The I-O Movement: Priming the Immune System to Fight Cancer – Part I: Chimeric Antigen Receptor T (CAR-T) Cell Technology
This is the first article in a Series focused on current trends in immuno-oncology (I-O) and immunotherapy. Since the latter are becoming household terminology, the goal of this Series is to highlight the value of intellectual property for new immunotherapies in this burgeoning field.
There has been a lot of recent buzz about chimeric antigen receptor (CAR) T cell technology. Novartis and Gilead have FDA-approved CAR-T therapies offering complete patient remission from certain cancers. A flood of new CAR-based technologies is likely to hit the market. As with any novel therapy, patent protection is essential. The large number of patent filings suggest that intellectual property protection is an important part of the research efforts in this field. The bolded patent documents cited in this article are further summarized in the table at the end of this installment.

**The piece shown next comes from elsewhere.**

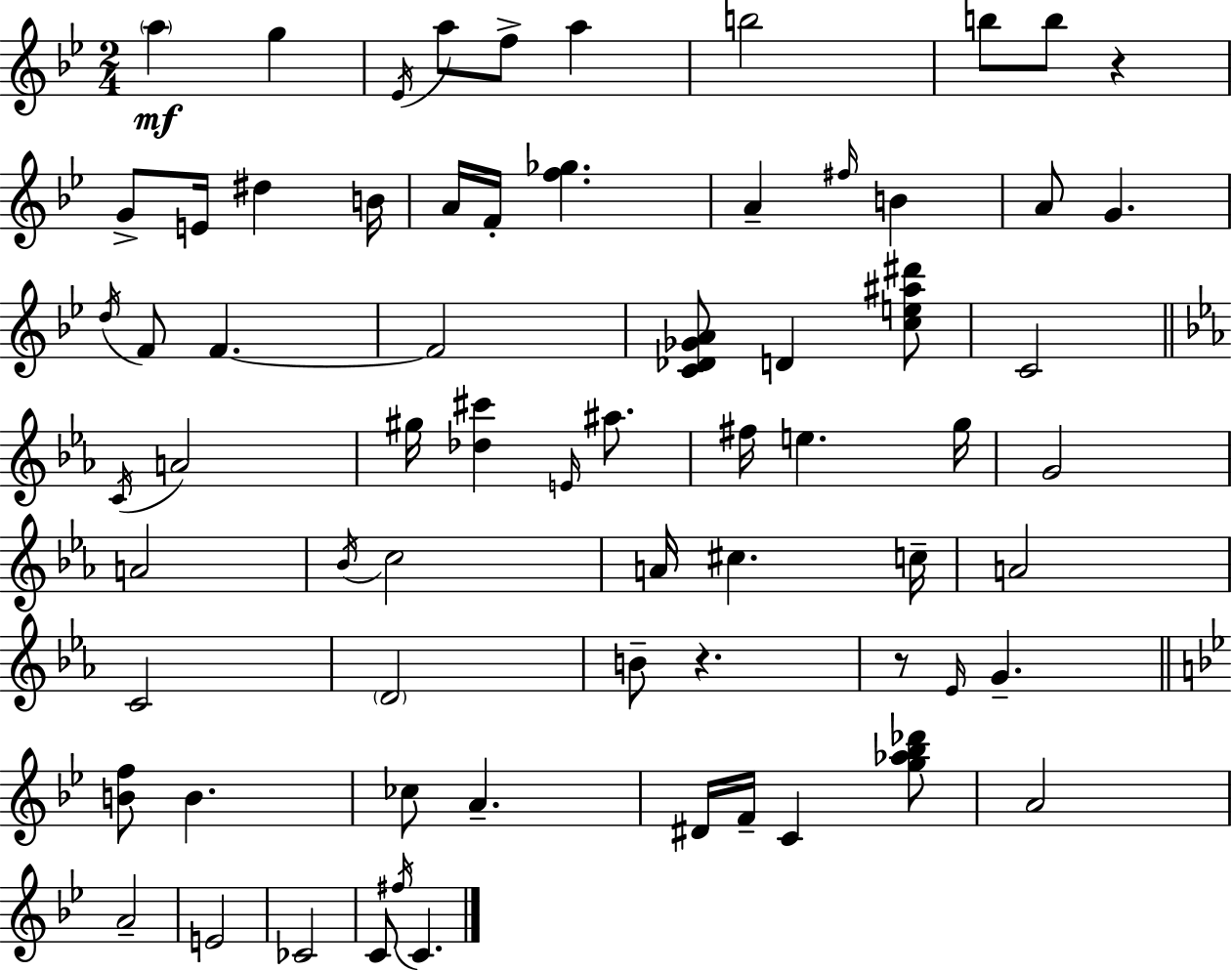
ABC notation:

CAR-T was developed in the 1990s, but we are just starting to hear about it now. So, what is it exactly? Essentially, immune cells called T cells are removed from a patient’s body, re-engineered to target a specific cancer, then put back into the patient to fight that specific cancer. When the CAR binds the tumor-associated antigen to which it is directed, the T cell is activated, eliciting an immune response (Figure 1).
Figure 1: CAR structure and function. [Source: Annu. Rev. Med. 67, 165–83 (2016).]

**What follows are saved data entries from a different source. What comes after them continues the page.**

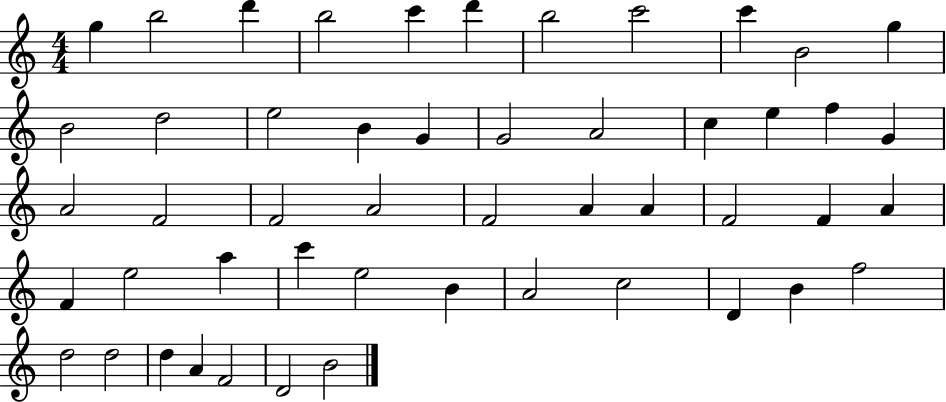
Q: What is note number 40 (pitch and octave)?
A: C5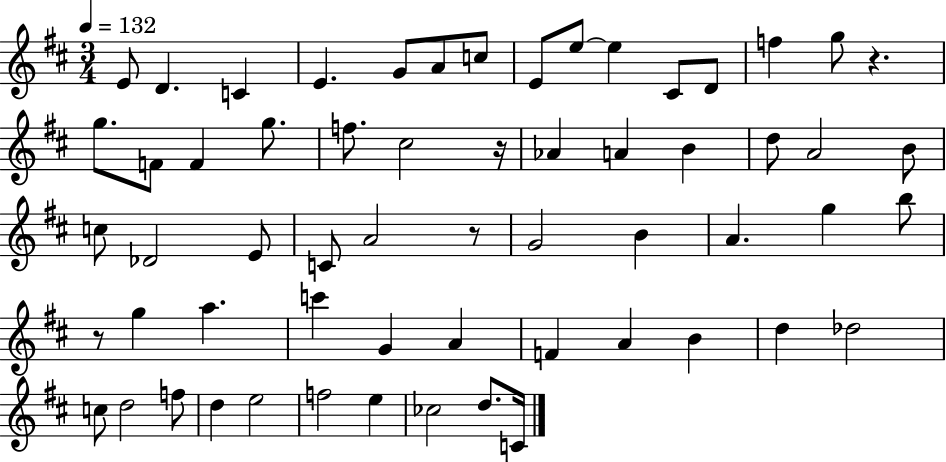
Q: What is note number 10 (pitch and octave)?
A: E5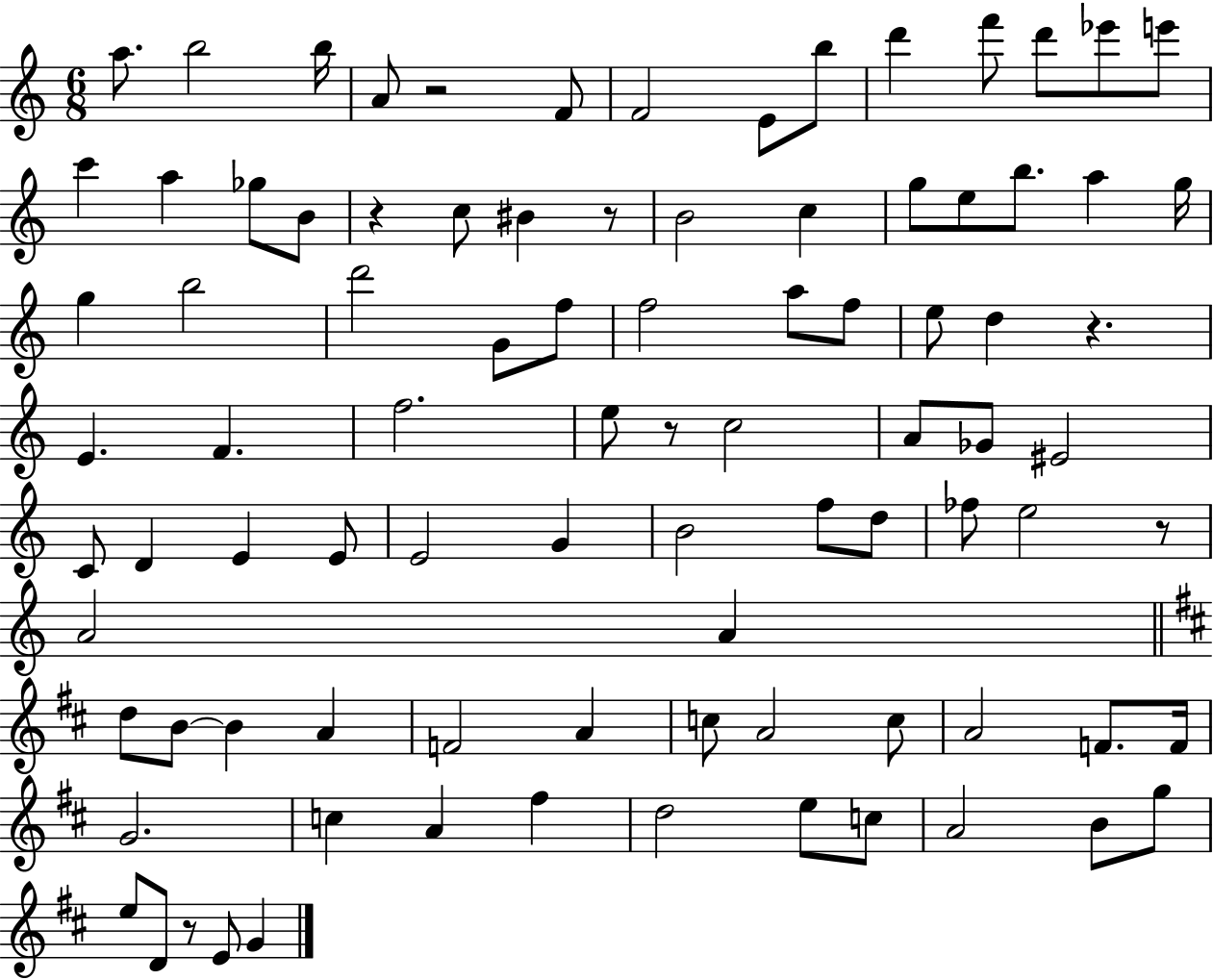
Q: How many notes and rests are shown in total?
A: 90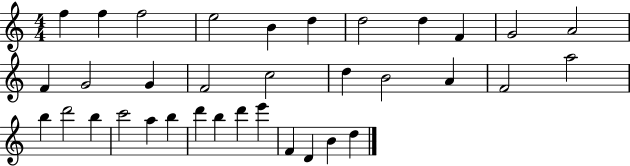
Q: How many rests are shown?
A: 0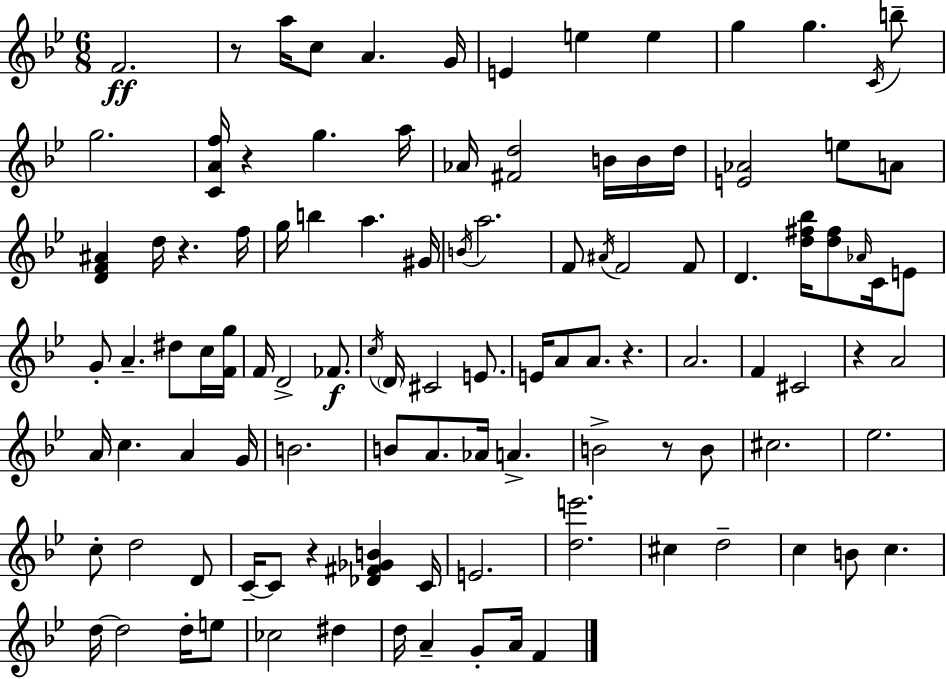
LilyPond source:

{
  \clef treble
  \numericTimeSignature
  \time 6/8
  \key g \minor
  f'2.\ff | r8 a''16 c''8 a'4. g'16 | e'4 e''4 e''4 | g''4 g''4. \acciaccatura { c'16 } b''8-- | \break g''2. | <c' a' f''>16 r4 g''4. | a''16 aes'16 <fis' d''>2 b'16 b'16 | d''16 <e' aes'>2 e''8 a'8 | \break <d' f' ais'>4 d''16 r4. | f''16 g''16 b''4 a''4. | gis'16 \acciaccatura { b'16 } a''2. | f'8 \acciaccatura { ais'16 } f'2 | \break f'8 d'4. <d'' fis'' bes''>16 <d'' fis''>8 | \grace { aes'16 } c'16 e'8 g'8-. a'4.-- | dis''8 c''16 <f' g''>16 f'16 d'2-> | fes'8.\f \acciaccatura { c''16 } \parenthesize d'16 cis'2 | \break e'8. e'16 a'8 a'8. r4. | a'2. | f'4 cis'2 | r4 a'2 | \break a'16 c''4. | a'4 g'16 b'2. | b'8 a'8. aes'16 a'4.-> | b'2-> | \break r8 b'8 cis''2. | ees''2. | c''8-. d''2 | d'8 c'16--~~ c'8 r4 | \break <des' fis' ges' b'>4 c'16 e'2. | <d'' e'''>2. | cis''4 d''2-- | c''4 b'8 c''4. | \break d''16~~ d''2 | d''16-. e''8 ces''2 | dis''4 d''16 a'4-- g'8-. | a'16 f'4 \bar "|."
}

To get more in depth, CARs are essentially modified T-cell receptors (TCR) consisting of an extracellular (outside of the cell) antigen binding domain, most commonly an antibody fragment known as an scFv, that binds to an antigen on a cancer cell. The scFv is fused via a transmembrane domain to an intracellular (inside of the cell) domain of a TCR.

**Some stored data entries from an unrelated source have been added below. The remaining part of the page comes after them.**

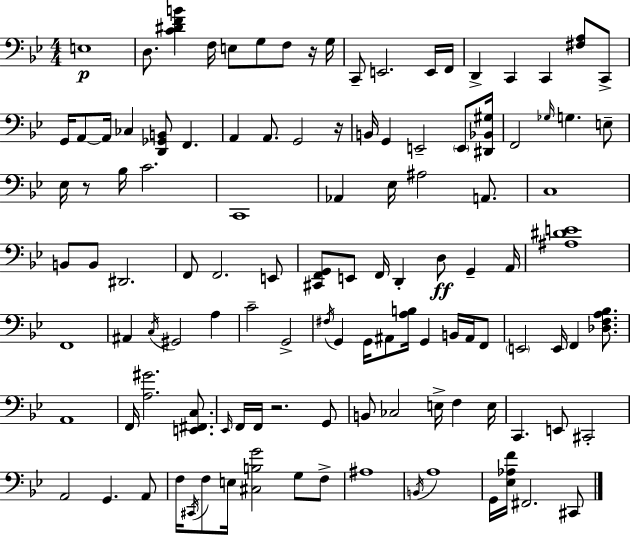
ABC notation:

X:1
T:Untitled
M:4/4
L:1/4
K:Bb
E,4 D,/2 [C^DFB] F,/4 E,/2 G,/2 F,/2 z/4 G,/4 C,,/2 E,,2 E,,/4 F,,/4 D,, C,, C,, [^F,A,]/2 C,,/2 G,,/4 A,,/2 A,,/4 _C, [D,,_G,,B,,]/2 F,, A,, A,,/2 G,,2 z/4 B,,/4 G,, E,,2 E,,/2 [^D,,_B,,^G,]/4 F,,2 _G,/4 G, E,/2 _E,/4 z/2 _B,/4 C2 C,,4 _A,, _E,/4 ^A,2 A,,/2 C,4 B,,/2 B,,/2 ^D,,2 F,,/2 F,,2 E,,/2 [^C,,F,,G,,]/2 E,,/2 F,,/4 D,, D,/2 G,, A,,/4 [^A,^DE]4 F,,4 ^A,, C,/4 ^G,,2 A, C2 G,,2 ^F,/4 G,, G,,/4 ^A,,/2 [A,B,]/4 G,, B,,/4 ^A,,/4 F,,/2 E,,2 E,,/4 F,, [_D,F,A,_B,]/2 A,,4 F,,/4 [A,^G]2 [E,,^F,,C,]/2 _E,,/4 F,,/4 F,,/4 z2 G,,/2 B,,/2 _C,2 E,/4 F, E,/4 C,, E,,/2 ^C,,2 A,,2 G,, A,,/2 F,/4 ^C,,/4 F,/2 E,/4 [^C,B,G]2 G,/2 F,/2 ^A,4 B,,/4 A,4 G,,/4 [_E,_A,F]/4 ^F,,2 ^C,,/2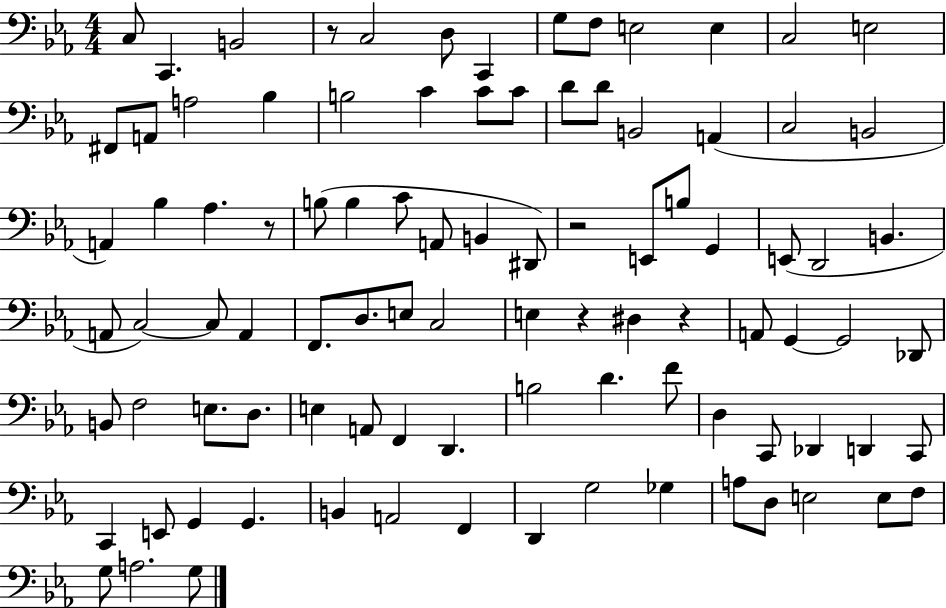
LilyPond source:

{
  \clef bass
  \numericTimeSignature
  \time 4/4
  \key ees \major
  c8 c,4. b,2 | r8 c2 d8 c,4 | g8 f8 e2 e4 | c2 e2 | \break fis,8 a,8 a2 bes4 | b2 c'4 c'8 c'8 | d'8 d'8 b,2 a,4( | c2 b,2 | \break a,4) bes4 aes4. r8 | b8( b4 c'8 a,8 b,4 dis,8) | r2 e,8 b8 g,4 | e,8( d,2 b,4. | \break a,8 c2~~) c8 a,4 | f,8. d8. e8 c2 | e4 r4 dis4 r4 | a,8 g,4~~ g,2 des,8 | \break b,8 f2 e8. d8. | e4 a,8 f,4 d,4. | b2 d'4. f'8 | d4 c,8 des,4 d,4 c,8 | \break c,4 e,8 g,4 g,4. | b,4 a,2 f,4 | d,4 g2 ges4 | a8 d8 e2 e8 f8 | \break g8 a2. g8 | \bar "|."
}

Firstly, T cells are obtained by a simple blood draw from the patient. After the T cells are separated from the blood (a process called leukapheresis) and further cultured, DNA encoding the engineered CAR is inserted into and then expressed by the patient’s T cells. Patent applications US20150344844 and US20170218337 disclose methods of preparing and manufacturing CAR-T cells. Typically, chemotherapy is used to deplete a patient’s existing T cells in preparation for infusion of the re-engineered CAR-T cells back into the patient. This preparatory method is detailed in US20170368101.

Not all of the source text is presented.